Tanpa berpikir, John menyambut uluran tangan Yudiasari. John mengusir sopir. Kemudian mengambil alih kemudi Mercedes hitamnya.

John terlalu merindukan saat-saat seperti ini. saat-saat mereka berjalan berdua, sebagai orang biasa yang tak punya tanggung jawab apa-apa. Waktu pun bergulir dengan cepat. Bersama perasaan bebas yang dibawa oleh Yudiasari.

Yudiasari masih mengenakan cincin John. Ini membuat John terkejut. Tapi mengingat bahwa Yudiasari tidak menikah hingga saat ini, John tak ragu kalau perempuan ini masih memiliki perasaan padanya.

Senja telah turun di Puncak. Mereka berdiri di balkon paviliun. Menikmati sinar terakhir di hari itu.

"Aku rindu padamu."

Ada tekanan dalam suara itu. tekanan yang membuat hati John pedih seketika. Untuk pertama kalinya, John melihat, kalau perempuan pujaannya itu seakan-akan akan pergi darinya. Sebentar lagi.

"Kenapa baru sekarang kau mencariku?" John berkata sambil menghirup segelas air jeruk. Yudiasari berdiri bersandar pada balkon. Wajahnya terlihat cerah ketika ia mendekati John.

"Kau kan tahu aku ada dimana," Yudiasari sengaja berdiri di sebelah John. Dekat sekali dengan mantan kekasihnya itu, "Aku takkan bisa melarikan diri dari seorang ketua klan sepertimu, bukan?" katanya sambil memamerkan mimik lucu.

"Jadi, kau tahu?"

"Tahu kalau orang-orangmu mengawasiku setiap hari?" Yudiasari menyibakkan poni. Sejenak terlihat berpikir, "Sindikat anak jalanan itu takkan membiarkan aku membawa anak-anak bawahan mereka begitu saja bukan? Kalau bukan karena pengaruhmu, aku percaya, aku dan Judith akan segera menghilang." Yudiasari membuat gerakan memotong di lehernya.

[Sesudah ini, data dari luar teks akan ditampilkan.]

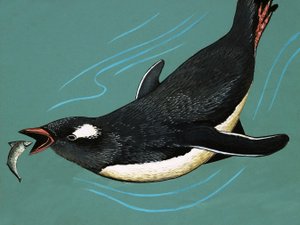 Pingouin attrapant des poissons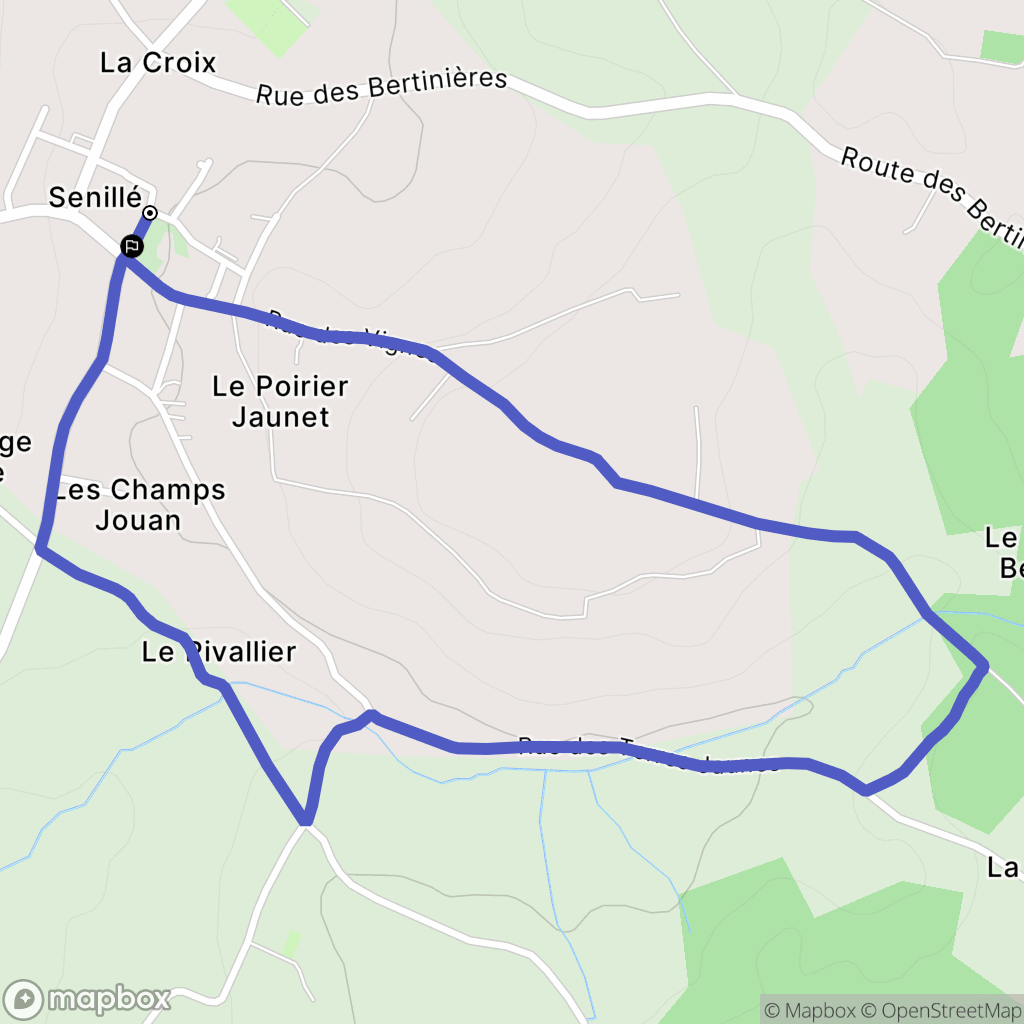 Senillé-Saint-Sauveur : carte du parcours de randonnée - France
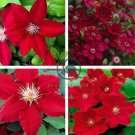 Dark Red Clematis Climbing Bonsai Flower 200 Seeds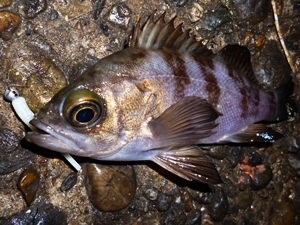 1月7日メバル (2)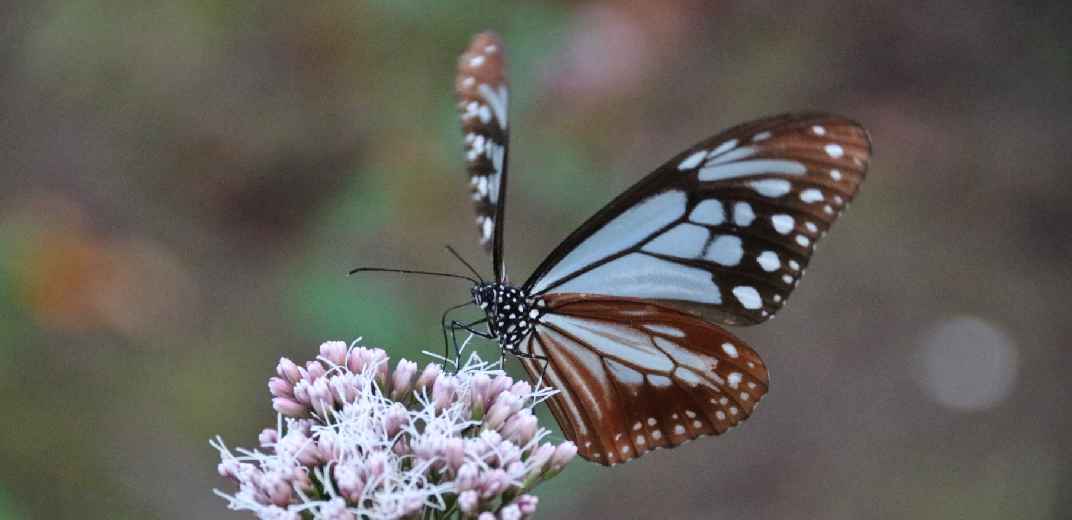 クロッフル いちご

Itu benar, kadang John sering merasa kesal karen Yudiasari suka mengajak anak-anak jalanan ke panti asuhannya. Kebanyakan sindikat anak jalanan memang sengaja cari untung dengan mempekerjakan anak-anak sebagai pengemis, pengamen, atau pencopet. Mengajak anak-anak itu ke jalan yang benar hanya akan merugikan sindikat.

John tersenyum, "Ada baiknya kalau kau berhenti membawa anak-anak jalanan itu," katanya menyarankan.

"Aku tak suka melihat anak-anak perempuan diberdayakan untuk mengemis di jalan raya sampai lewat tengah malam," Yudiasari merenung, "Mereka semua hanya anak-anak. Aku ini wanita. Dan seorang ibu."

John tidak tampak terkejut. Dia telah tahu Yudiasari memiliki seorang putri. John dan Sky pernah beberapa kali menyamar untuk melihat Jade Judy dan Erika Valerie—saudari angkatnya.

"Kudengar, dia mirip aku," ia menatap Yudiasari lekat-lekat, "Anakmu."

Ada kepedihan yang pekat saat John mengucapkan kata itu. Apakah bagi Yudiasari, Jade hanya anaknya?

"Jade juga anakmu, kan? Sifat premannya memang mirip sekali denganmu," Yudiasari tertawa. Meruntuhkan semua rasa tidak percaya diri John. Paling tidak, Yudiasari sekarang ada di sini. siapa yang tahu apakah John bisa berharap lebih atau tidak.

"Kau masih menganggap aku sebagai ayahnya," katanya, lebih dengan nada bertanya.

"Kau memang ayahnya, John," kata Yudiasari, masih tersenyum, "Terimakasih telah menjaga kami selama ini."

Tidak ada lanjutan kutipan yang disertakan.